## TASK DESCRIPTION
Restate the listing below word for word; no picture is to be carried over.
======== MATERIAL PROVIDED ========
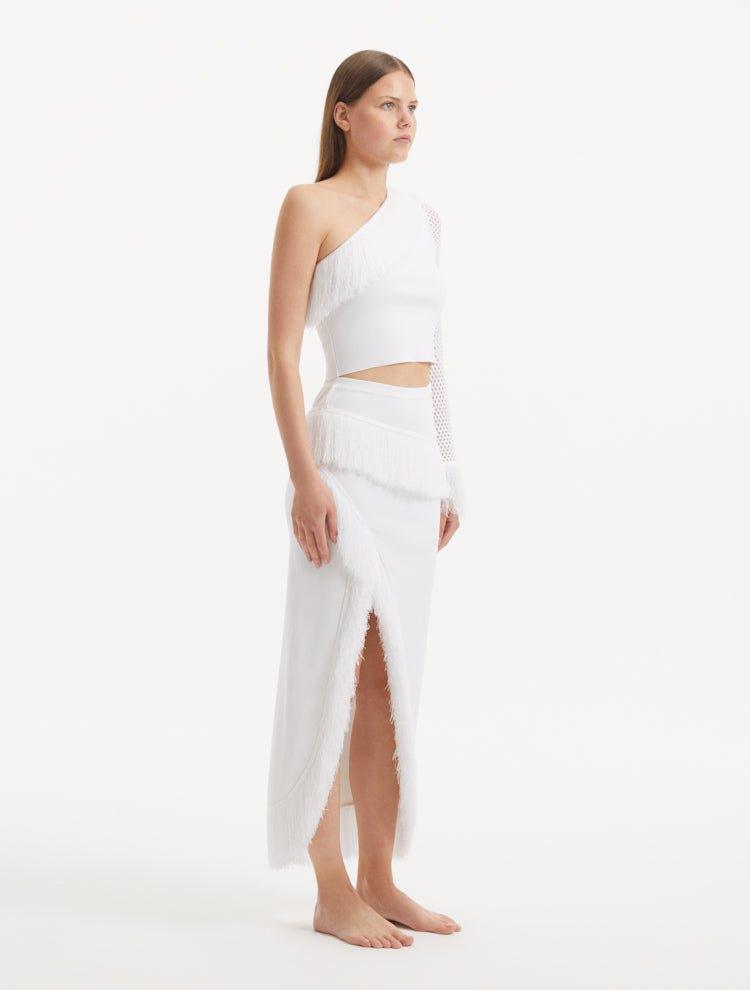 "Model wearing the Monroe White Top and Alani Skirt from the side, emphasizing the one-shoulder cut and the playful movement of the fringes."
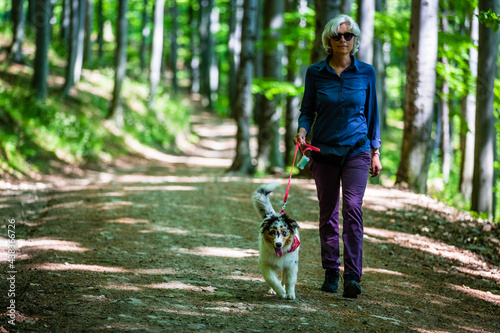 Woman and cute Australian Shepherd puppy on a walk in the woods.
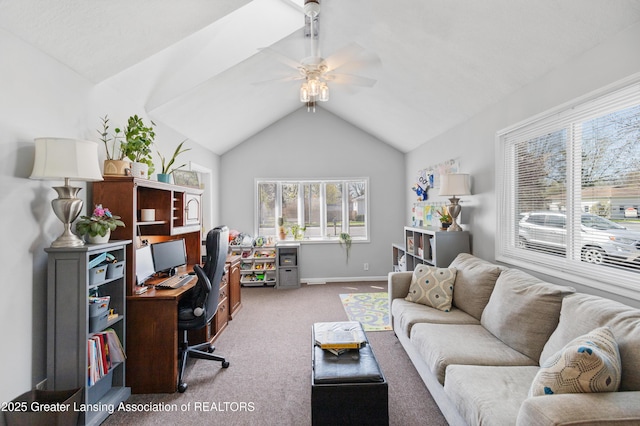 home office featuring a healthy amount of sunlight, a ceiling fan, vaulted ceiling, and carpet floors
========
## SOLUTION FOR THIS PROBLEM
 "Model wearing the Monroe White Top and Alani Skirt from the side, emphasizing the one-shoulder cut and the playful movement of the fringes."
 Woman and cute Australian Shepherd puppy on a walk in the woods.
 home office featuring a healthy amount of sunlight, a ceiling fan, vaulted ceiling, and carpet floors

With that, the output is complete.